Below are entries to reproduce exactly, apart from their pictures.

━━━ Data extract

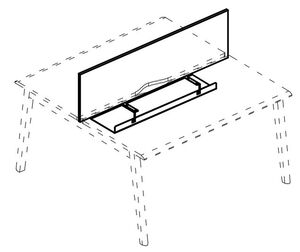 Экран фронтальный ДСП с кабель-каналом для стола 120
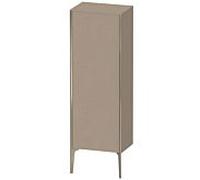 Duravit Meuble moyen haut XViu XV1326LB175 50x36x133cm, champagne mat, porte à gauche, lin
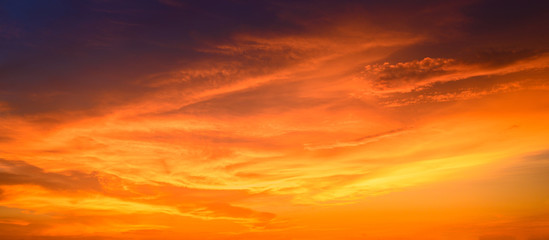 Sunset sky for background,sunrise sky and cloud at morning.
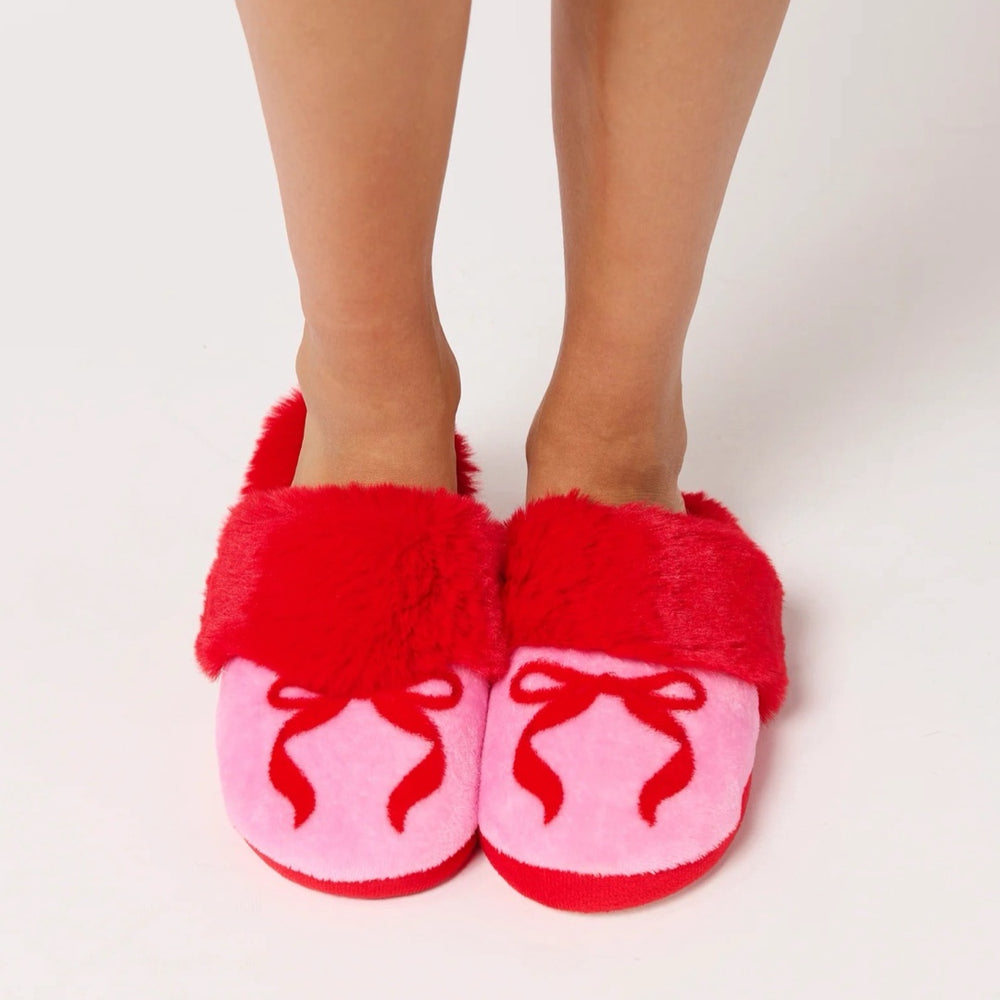 The Red Bow Slippers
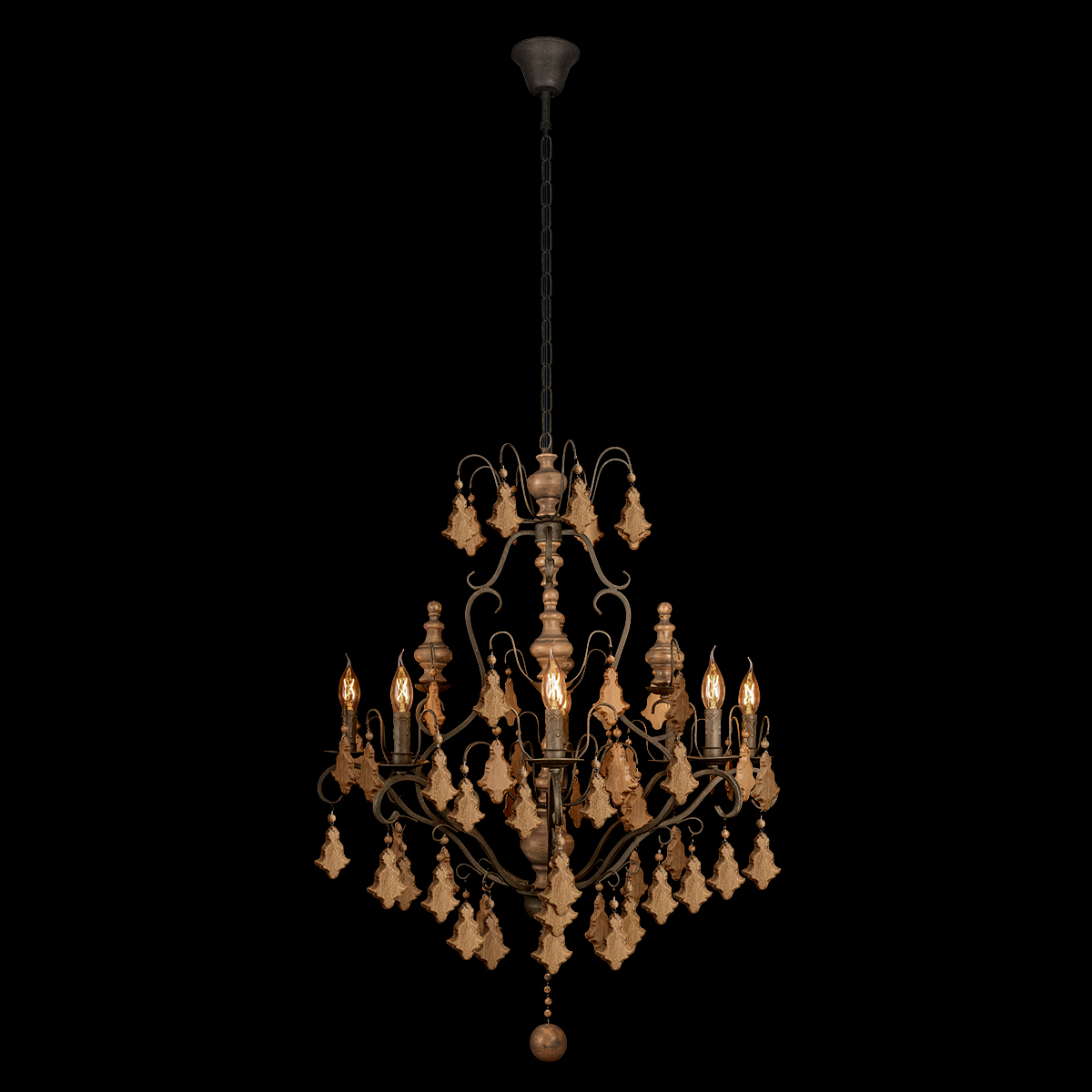 подвесная люстра loft it chateau 10559/8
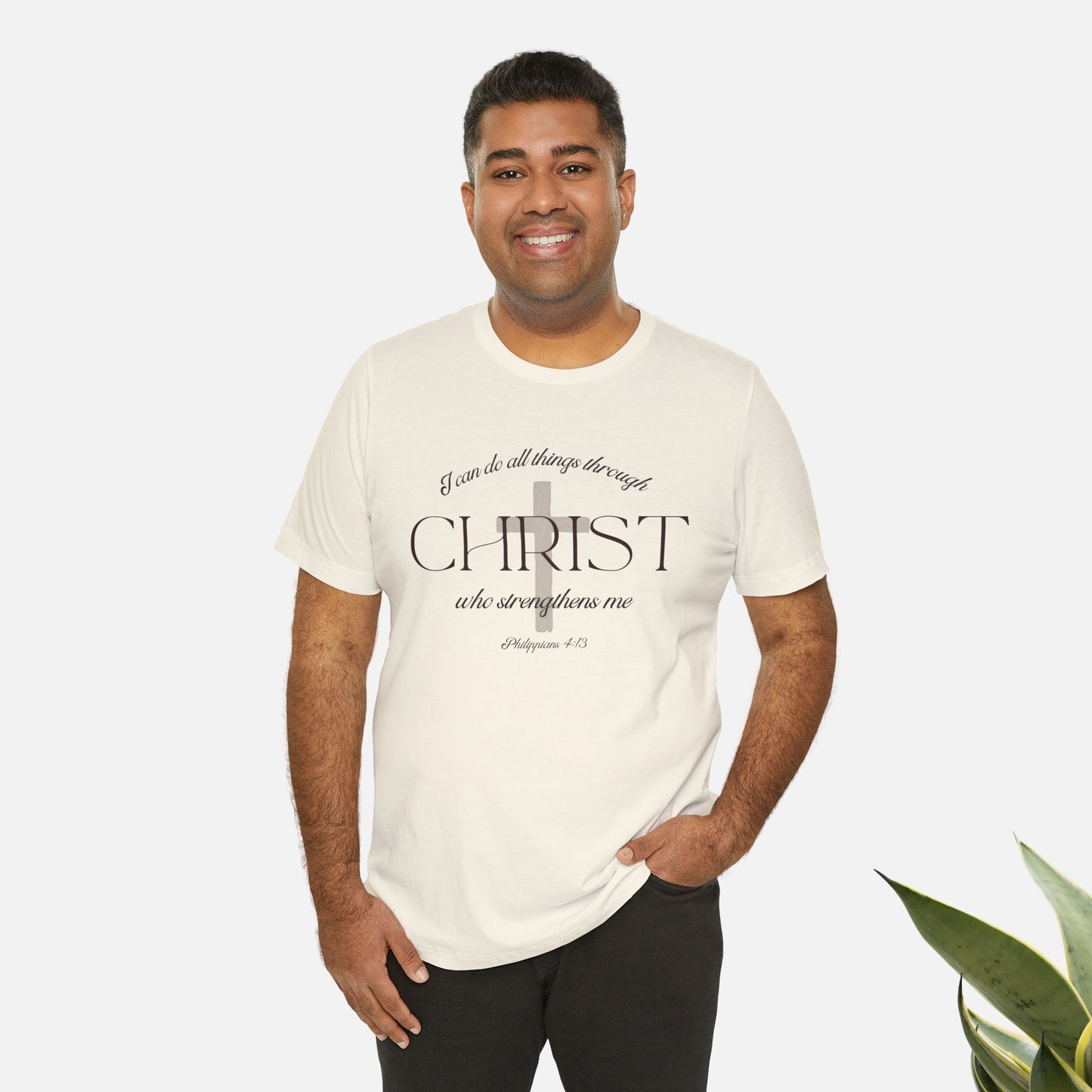 Filipenses 4:13 Camiseta de algodón unisex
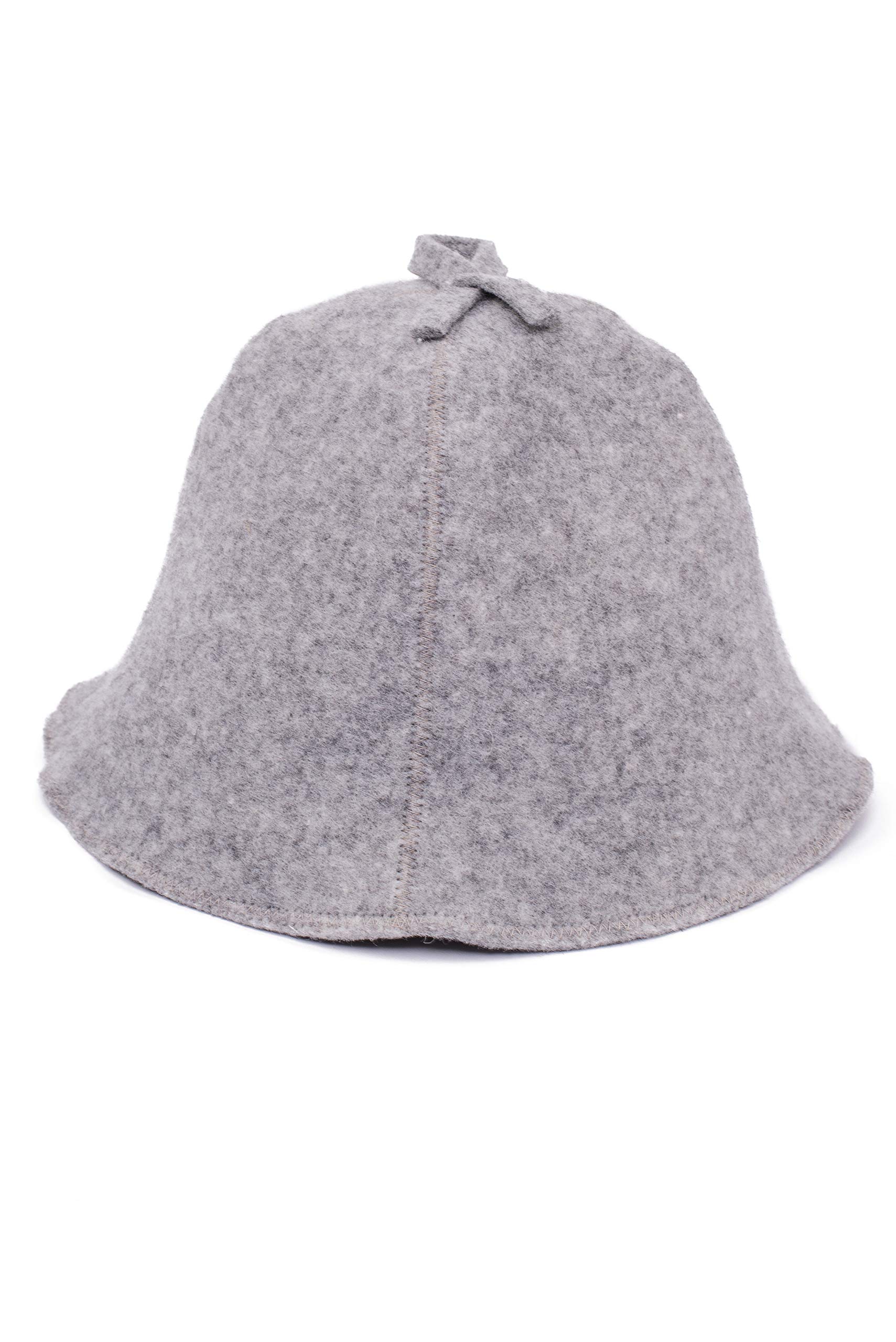 Ger3as Sauna Hat Wool with Embroidery for Men and Women, Wellness Cap Premium Quality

━━━━━━

Your solution »
 Экран фронтальный ДСП с кабель-каналом для стола 120
 Duravit Meuble moyen haut XViu XV1326LB175 50x36x133cm, champagne mat, porte à gauche, lin
 Sunset sky for background,sunrise sky and cloud at morning.
 The Red Bow Slippers
 подвесная люстра loft it chateau 10559/8
 Filipenses 4:13 Camiseta de algodón unisex
 Ger3as Sauna Hat Wool with Embroidery for Men and Women, Wellness Cap Premium Quality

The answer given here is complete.